The 15-year-old girl had cycled about 1,200 km with her father from Gurugram near Delhi to Darbhanga town in Bihar during nationwide lockdown when they faced near starvation after losing jobs and all modes of transport remained suspended.
The state government has chosen the “real-life hero” to speed up its campaign against use of narcotic drugs and intoxicants by the young generation which has become a matter of serious concerns. Her job will be to visit schools and colleges and make the youths aware about the ill-effects of the drugs.
Fighting adversity
“We could not have found any better choice than this girl who displayed exemplary courage to fight adversity. The young generation should take a lesson from this girl who bravely fought all odds to extricate her family of troubles instead of surrendering before the problems,” Social Security director Daya Nidhan Pandey told the media on Sunday.
Consumption of any forms drugs, the official added, not only destroys the person who gets addicted to them but also his family, and this girl could play a key role in creating awareness in the society. The official himself visited the girl’s home in Darbhanga district over the weekend to appoint her as the brand ambassador of the programme. He also handed her a cheque of Rs50,000, a tab and a track suit as a token of honour for her rare courage.

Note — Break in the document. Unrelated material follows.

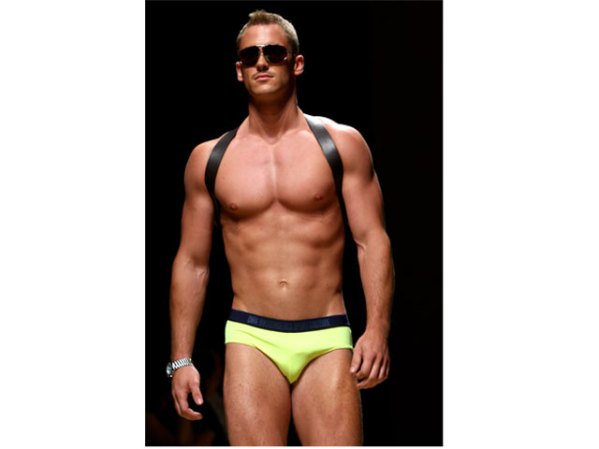 Y para cerrar con broche de oro les presentamos este innovador bañador del diseñador belga Dirk Bikkembergs, y de paso deleitarse la pupila. Recuerde visitarnos otra vez para más moda.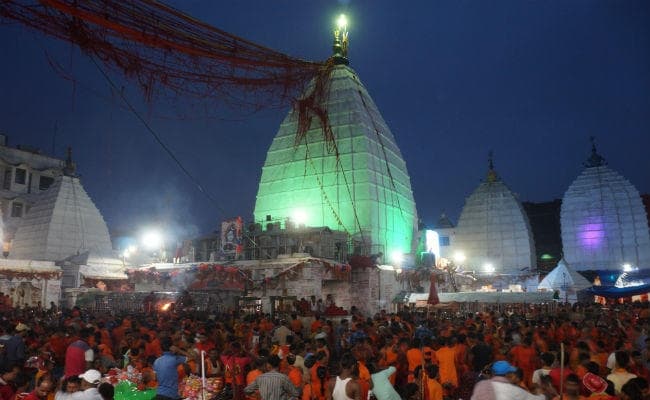 बाबा धाम LIVE : शाम 7.30 बजे देखें तीसरी सोमवारी पर देवघर से बाबा वैद्यनाथ की महाआरती VIDEO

The Grade nine schoolgirl will be spreading the central government’s National Action Plan for Drug Demand Reduction prepared by the federal Ministry of Social Justice and Empowerment. The objective of the programme is to reduce adverse consequences of drug abuse through multi-pronged strategy.
Jyoti has become an international sensation after she carried her injured father on her second-hand rickety cycle at the peak of summer in May last year, unmindful of her own troubles of carrying the weight of a person just double her weight, severe food scarcity on way and also cash crunch.
“It was a very tough journey treading the deserted roads on cycle. I felt apprehensive most of the time while walking on the lonely streets but ignored these concerns as my first priority was to somehow reach home,” was how she told this correspondent when contacted on phone recently.
No money for food
She added, “We would have died of hunger had we stayed there any longer as we had no money to buy food or pay rent.” She left Gurugram on the night of May 8 and reached her home village Darbhanga after continuously cycling over seven days.
According to the girl, she would mostly travel during night as it was cool and had less traffic. She also revealed they would sleep near the petrol pumps or at the places having sufficient lighting arrangements.
Recently she got the cycling trail offer from the Cycling Federation of India for her rare feat and also signed a film based on her life. The movie will be a fictional version of what led to her ardous journey from Gurugram to her hometown in Bihar. Her brilliant tale even reached the outgoing US president Donald Trump’s daughter Ivanka Trump termed her story as the “beautiful feat of endurance and love”.